Uma das marcas de sua literatura é o uso da epifania, que acontece nos momentos em que alguma das personagens – que costumam ser do sexo feminino – enfrentam uma revelação ou uma tomada de consciência diante de um fato do cotidiano.

Por outro lado, Clarice viveu uma vida discreta e tinha uma personalidade enigmática. Justamente pelo vazio de informações, se tornou uma espécie de lenda brasileira, posto que segue atual mesmo já havendo uma série de biografias da escritora.

Infância, adolescência e faculdade de direito

Clarice Lispector nasceu em 10 de novembro de 1920 na aldeia de Chechelnyk, na Ucrânia. Registrada como Chaya Pinkhasovna Lispector, a escritora só passou a se chamar Clarice aos 2 anos de idade, quando chegou ao Brasil junto com a família e todos os nomes russos foram substituídos por brasileiros.

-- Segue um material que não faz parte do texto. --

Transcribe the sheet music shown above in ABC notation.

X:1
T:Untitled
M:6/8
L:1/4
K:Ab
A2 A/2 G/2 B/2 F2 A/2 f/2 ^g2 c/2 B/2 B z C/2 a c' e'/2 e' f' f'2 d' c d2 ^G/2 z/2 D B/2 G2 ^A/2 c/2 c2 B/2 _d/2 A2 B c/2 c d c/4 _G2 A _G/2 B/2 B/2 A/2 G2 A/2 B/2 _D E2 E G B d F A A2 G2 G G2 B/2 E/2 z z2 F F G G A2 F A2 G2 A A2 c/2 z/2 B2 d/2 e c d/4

De origem judaica, seu nascimento aconteceu enquanto sua família – pai, mãe e irmãs – se preparando para fugir do país onde estavam devido à violência e a constante perseguição antissemita. Foi apenas em 1922 que os Lispectors conseguiram passaportes válidos para o Brasil e mudaram-se para Maceió.

Em busca de uma condição de vida melhor, no ano de 1925, a família se mudou de Alagoas para Recife. Lá, aos 7 anos de idade, Clarice aprendeu a ler e a escrever e, não muito tempo depois, já havia escrito alguns contos – incluindo o que teria sido rejeitado pelo jornal.

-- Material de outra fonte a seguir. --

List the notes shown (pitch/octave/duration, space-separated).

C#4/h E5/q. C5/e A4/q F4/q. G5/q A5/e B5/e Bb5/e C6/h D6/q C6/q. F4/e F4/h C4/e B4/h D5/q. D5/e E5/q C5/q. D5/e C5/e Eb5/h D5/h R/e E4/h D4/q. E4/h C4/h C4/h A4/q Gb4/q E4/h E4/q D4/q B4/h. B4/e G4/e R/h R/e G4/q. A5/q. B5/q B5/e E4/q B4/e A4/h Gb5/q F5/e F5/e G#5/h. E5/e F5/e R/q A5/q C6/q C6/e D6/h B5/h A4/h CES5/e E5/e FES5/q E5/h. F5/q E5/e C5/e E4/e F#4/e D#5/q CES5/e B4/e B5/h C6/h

Em 1930, quando tinha 9 anos, a mãe da escritora falecera em decorrência da sífilis que havia contraído depois de ter sido estuprada por um grupo de soldados russos. Em homenagem à falecida mãe, Clarice compôs sua primeira peça para piano.

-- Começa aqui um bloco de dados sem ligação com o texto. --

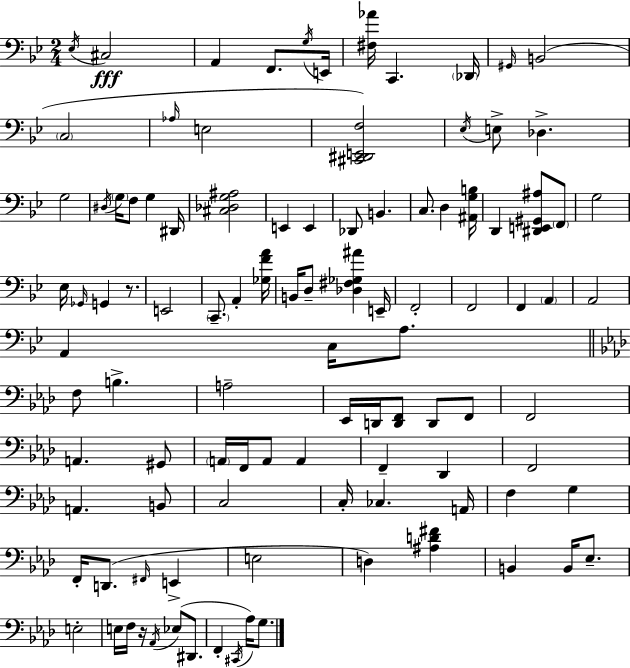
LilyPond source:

{
  \clef bass
  \numericTimeSignature
  \time 2/4
  \key g \minor
  \repeat volta 2 { \acciaccatura { ees16 }\fff cis2 | a,4 f,8. | \acciaccatura { g16 } e,16 <fis aes'>16 c,4. | \parenthesize des,16 \grace { gis,16 } b,2( | \break \parenthesize c2 | \grace { aes16 } e2 | <cis, dis, e, f>2) | \acciaccatura { ees16 } e8-> des4.-> | \break g2 | \acciaccatura { dis16 } \parenthesize g16 f8 | g4 dis,16 <cis des g ais>2 | e,4 | \break e,4 des,8 | b,4. c8. | d4 <ais, g b>16 d,4 | <dis, e, gis, ais>8 \parenthesize f,8 g2 | \break ees16 \grace { ges,16 } | g,4 r8. e,2 | \parenthesize c,8.-- | a,4-. <ges f' a'>16 b,16 | \break d8-- <des fis ges ais'>4 e,16-- f,2-. | f,2 | f,4 | \parenthesize a,4 a,2 | \break a,4 | c16 a8. \bar "||" \break \key aes \major f8 b4.-> | a2-- | ees,16 d,16 <d, f,>8 d,8 f,8 | f,2 | \break a,4. gis,8 | \parenthesize a,16 f,16 a,8 a,4 | f,4-- des,4 | f,2 | \break a,4. b,8 | c2 | c16-. ces4. a,16 | f4 g4 | \break f,16-. d,8.( \grace { fis,16 } e,4-> | e2 | d4) <ais d' fis'>4 | b,4 b,16 ees8.-- | \break e2-. | e16 f16 r16 \acciaccatura { aes,16 }( ees8 dis,8. | f,4-. \acciaccatura { cis,16 } aes16) | g8. } \bar "|."
}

Há quem diga que, de alguma forma, a escritora sempre se sentiu culpada por não conseguir ajudar a mãe, mas que foi justamente esse sentimento de culpa que marcou sua vida e sua criatividade como escritora.

Por volta dos 12 anos, quando cursava o quarto ano do ginásio, a família toda mudou-se para o Rio de Janeiro, na Barra da Tijuca. Graças a seu pai, Pedro Lispector, que sempre quis proporcionar o melhor às filhas, Clarice foi muito além nos estudos, mais do que era habitual mesmo para as meninas mais ricas da cidade.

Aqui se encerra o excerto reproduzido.